If we exclusively focus on healing our own emotional issues, it’s an endless process. There is always more.
That’s why I like to give equal, and sometimes more, attention to how I relate to my issues and the sensations, thoughts, or whatever is here.
How I relate to what’s here is, in a sense, one. And what I relate to is innumerable. So it makes sense to focus more on the former without ignoring the latter.
What type of shift am I referring to?
For me, the shift is from seeing what’s here as a problem or an enemy to befriending it. And befriending it has many sides, including the ones I mention below.
How can we invite in this shift?
I have found heart-centered practices very helpful. For instance, doing tonglen for whatever I subtly or not-so-subtly see as a problem – whether it’s a person, situation, myself, a part of me, or an experience. I can also use ho’oponopono or metta here.
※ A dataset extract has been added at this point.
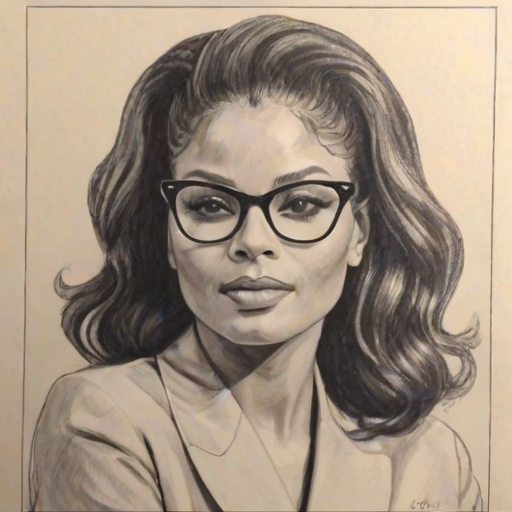 Ravishing Janet Jackson, pencil sketch, portrait of Enchanting woman 1957s in glasses, hair style beatnik, outline, clear lines, fine lines, 8k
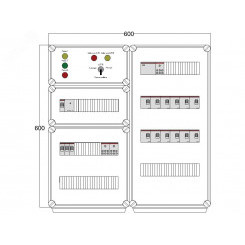 Щит управления электрообогревом DEVIBOX HR 12x2800 D330 (в комплекте с терморегулятором и датчиком температуры)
It also helps to identify beliefs behind any slight enemy-image and explore these, for instance through The Work or Living Inquiries.
I can dialog with what’s coming up. Ask it questions. Listen to what it has to say to me. Get to know it. Perhaps understand it a little better. Find a new partnership with it. If it’s an emotional issue, I can see how it’s here to protect me and it’s coming from (slightly misguided) love and is an expression of love.
I can identify any emotional issues in me behind and fueling enemy-images, and explore and invite in healing for these issues. For instance, through inquiry, heart-centered practices, dialog, energy healing, or more.
I can find myself as capacity for the world as it appears to me, and whatever I see as a (subtle) problem, and see it’s all happening within and as what I am. It’s not inherently “other” and cannot be.